A la postre, en un giro que a sus ojos resultaba milagroso, las plegarias, sacrificios y esfuerzos por portarse bien en aras de la conversión de sus padres se vieron recompensados. O al menos eso pensó el día en que su madre le pidió que la enseñara a rezar el rosario. Matilde Castrillo había quedado profundamente impactada por la lectura de El hecho extraordinario, del filósofo Manuel García Morente, un escrito autobiográfico publicado de forma póstuma en 1951 donde relata su conversión a la fe. A raíz de esto se suscitó en ella un interés por la religión en el que, de pronto, la hija menor desempeña el papel de orientadora de su madre: «Fue como una especie de conmoción rarísima tenerle yo que explicar a mi madre cosas de la religión. Por una parte, me sentí como muy realizada después de tanto que había rezado para que mis padres arreglaran las cosas con Dios, porque yo veía que se iban al infierno por lo del chorizo y todo lo demás». A partir de entonces, el matrimonio empezó a ir a misa, «mi madre porque pensaba que debía ir y mi padre por acompañarla. Pero nunca fueron muy religiosos. Era más una religiosidad social, adquirida y poco enraizada».

Los milagros forman parte del imaginario colectivo y sirven como interpretación recurrente para cualquier suceso inesperado o incomprendido. La intervención sobrenatural sustituye a las explicaciones racionales con total naturalidad. La transformación de Paquita, por ejemplo, en una buena estudiante da pie a que la directora de su colegio vea una mano providencial que la está compensando por su prematura orfandad.

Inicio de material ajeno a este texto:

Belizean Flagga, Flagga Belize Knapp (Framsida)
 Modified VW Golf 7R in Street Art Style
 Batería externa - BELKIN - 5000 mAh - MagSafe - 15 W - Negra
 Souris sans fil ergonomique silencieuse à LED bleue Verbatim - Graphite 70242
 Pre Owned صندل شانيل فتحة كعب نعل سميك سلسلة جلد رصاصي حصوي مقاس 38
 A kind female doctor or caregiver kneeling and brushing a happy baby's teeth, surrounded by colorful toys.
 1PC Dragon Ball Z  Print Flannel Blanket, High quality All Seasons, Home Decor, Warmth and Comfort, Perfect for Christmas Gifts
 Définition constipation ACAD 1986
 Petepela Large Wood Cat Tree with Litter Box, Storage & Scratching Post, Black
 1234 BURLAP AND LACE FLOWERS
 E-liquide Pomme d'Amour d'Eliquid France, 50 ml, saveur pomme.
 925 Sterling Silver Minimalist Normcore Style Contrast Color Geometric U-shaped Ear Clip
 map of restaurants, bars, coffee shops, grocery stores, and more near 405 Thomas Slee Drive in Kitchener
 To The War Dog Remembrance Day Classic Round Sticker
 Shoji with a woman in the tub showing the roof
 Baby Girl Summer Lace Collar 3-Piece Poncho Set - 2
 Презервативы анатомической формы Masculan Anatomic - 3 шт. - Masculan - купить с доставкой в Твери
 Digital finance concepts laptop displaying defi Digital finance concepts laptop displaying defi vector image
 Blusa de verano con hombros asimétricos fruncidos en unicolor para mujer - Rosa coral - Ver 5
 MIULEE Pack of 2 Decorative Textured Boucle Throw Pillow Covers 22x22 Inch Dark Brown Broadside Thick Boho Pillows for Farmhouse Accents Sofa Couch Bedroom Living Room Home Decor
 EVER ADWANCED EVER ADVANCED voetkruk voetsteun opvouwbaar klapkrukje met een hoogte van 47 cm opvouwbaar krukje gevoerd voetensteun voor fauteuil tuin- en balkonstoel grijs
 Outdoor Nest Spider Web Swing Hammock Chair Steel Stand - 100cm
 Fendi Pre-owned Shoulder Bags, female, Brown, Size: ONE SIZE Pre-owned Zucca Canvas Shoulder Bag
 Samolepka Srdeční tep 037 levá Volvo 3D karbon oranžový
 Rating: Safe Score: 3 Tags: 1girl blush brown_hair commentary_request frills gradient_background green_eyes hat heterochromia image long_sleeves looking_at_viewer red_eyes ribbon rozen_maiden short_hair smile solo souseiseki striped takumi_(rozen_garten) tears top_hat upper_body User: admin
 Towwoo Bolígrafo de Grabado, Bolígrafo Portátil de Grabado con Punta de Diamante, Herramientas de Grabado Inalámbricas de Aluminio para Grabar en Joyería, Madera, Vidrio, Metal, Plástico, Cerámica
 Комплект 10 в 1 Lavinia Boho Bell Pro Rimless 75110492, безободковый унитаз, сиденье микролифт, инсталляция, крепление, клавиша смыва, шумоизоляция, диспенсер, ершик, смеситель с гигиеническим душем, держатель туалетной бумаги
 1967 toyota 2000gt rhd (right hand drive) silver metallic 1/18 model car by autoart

Cuando años después, la misma directora del colegio se encontró con las buenas notas que obtuve en el Preuniversitario; todo lo achacó a un milagro a través del cual Dios me había compensado por la muerte de mi padre. Es muy simple echar la culpa a alguien o pensar que las cosas se producen por milagro. La realidad es que a la edad de trece años, los chicos y las chicas empiezan a cambiar, y conmigo sucedió algo tan sencillo como que mi tardía incorporación al colegio dificultó los primeros años. Luego, el asentamiento en él me condujo a obtener los máximos honores.18

El colegio ofrece a veces otros indicios mucho más difíciles de percibir por unos ojos infantiles. Por razones evidentes, Cristina no puede entender entonces una relación a la que asiste, sin embargo, con suficiente atención como para haberla retenido en la memoria y alcanzar a interpretarla a posteriori:

Yo tengo un recuerdo del colegio de unas monjas que debían de ser lesbianas. Yo no sabía ni lo que era ser lesbiana, pero estaba una dándonos clase y venía la otra, subía y se ponían ahí a hablar y reír; las oíamos reírse, a sus cosas. Hasta que nos enteramos de que las querían expulsar porque habían dicho que una se iba a un sitio y otra a otro y como no se querían separar pues las echaron del colegio… pusieron una academia las dos en Sevilla… Y yo luego analizándolo, que lo tenía ahí guardado sin saber qué era pero que algo les pasaba a las monjas, porque, claro, cuando luego ya descubres el sentimiento, pues te das cuenta de que estas eran dos mujeres así.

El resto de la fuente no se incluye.